── Record set

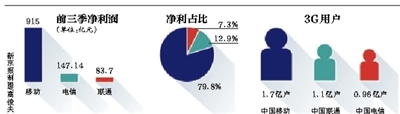 三电信运营商日均赚4.2亿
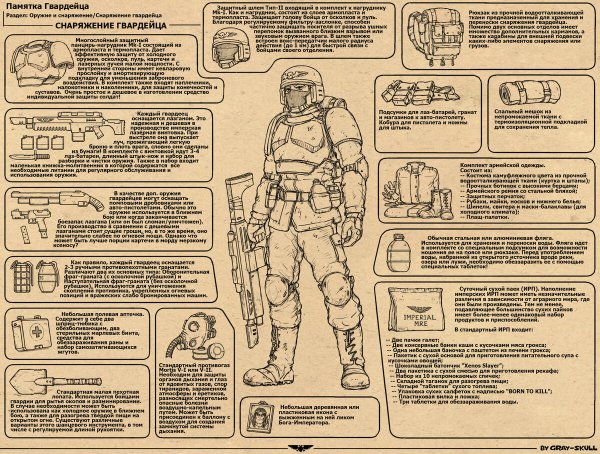 Warhammer 40000 плакаты имперской гвардии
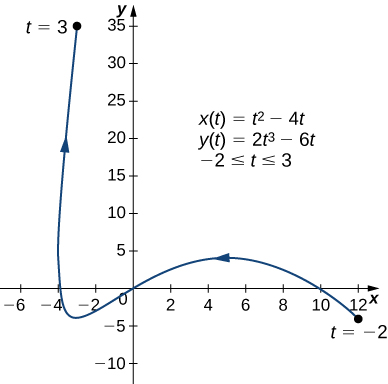 Ferill liggur frá (12, −4) um upphafspunktinn og (−4, 0) til (−3, 36), með örvum í þá röð. Punkturinn (12, −4) er merktur t = −2 og punkturinn (−3, 36) er merktur t = 3. Á grafinu eru einnig ritaðar þrjár jöfnur: x(t) = t2 – 4t, y(t) = 2t3 – 6t og −2 ≤ t ≤ 3.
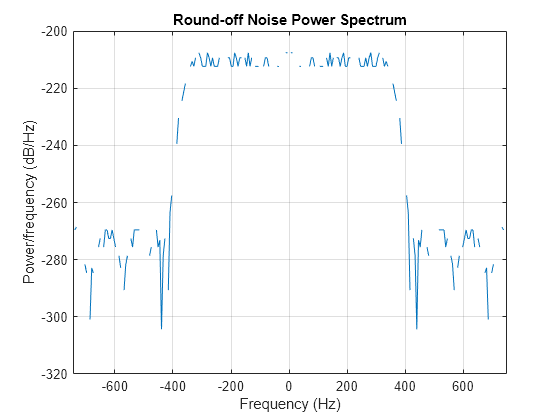 Figure contains an axes object. The axes object with title Round-off Noise Power Spectrum, xlabel Frequency (Hz), ylabel Power/frequency (dB/Hz) contains an object of type line.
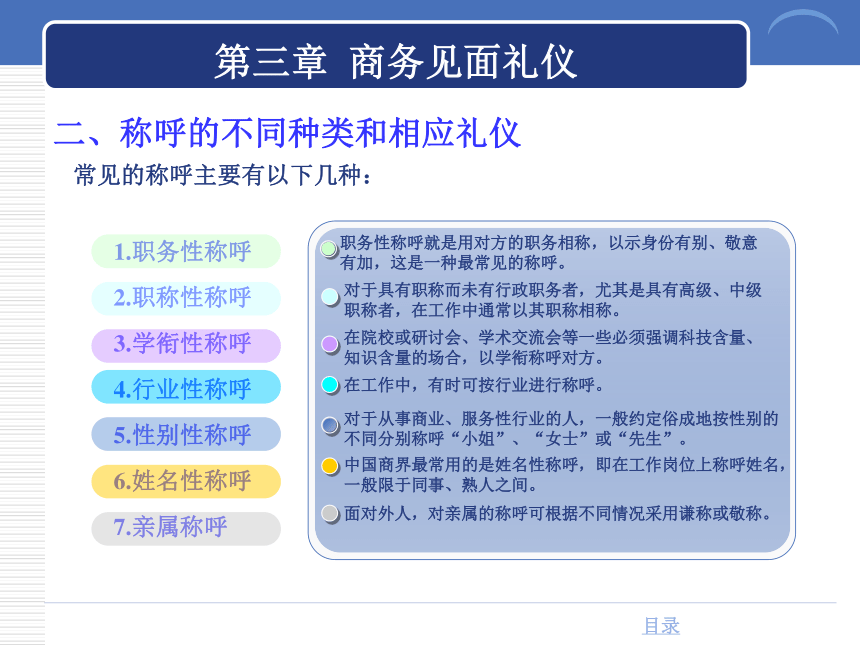 第三章 商务见面礼仪 课件(共37张PPT)-《商务礼仪》同步教学（西南财经大学出版社）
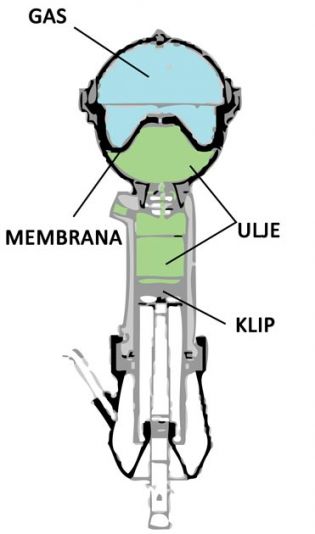 Illustration of part of hydropneumatic suspension system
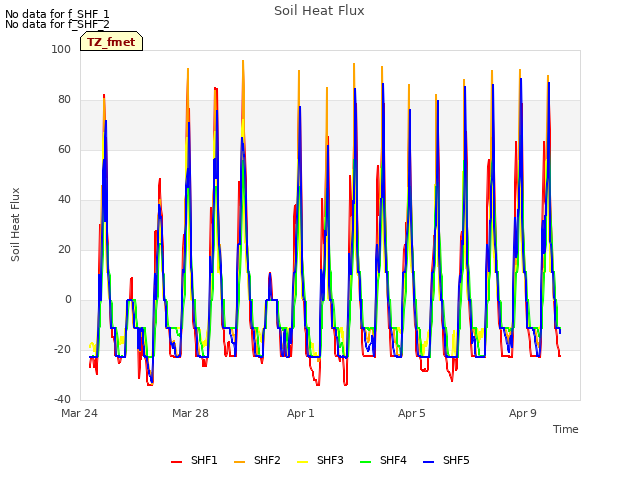 Explore the graph:Soil Heat Flux in a new window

────

→ **Exercise prompt**:
Transcribe the span of lines that runs from the line with "第三章 商务见面礼仪 课件(共37张PPT)-《商务礼仪》同步教学（西南财经大学出版社）" to the end of the data, both ends included, exactly, with nothing else and no pictures.

→ **Task answer**:
 第三章 商务见面礼仪 课件(共37张PPT)-《商务礼仪》同步教学（西南财经大学出版社）
 Illustration of part of hydropneumatic suspension system
 Explore the graph:Soil Heat Flux in a new window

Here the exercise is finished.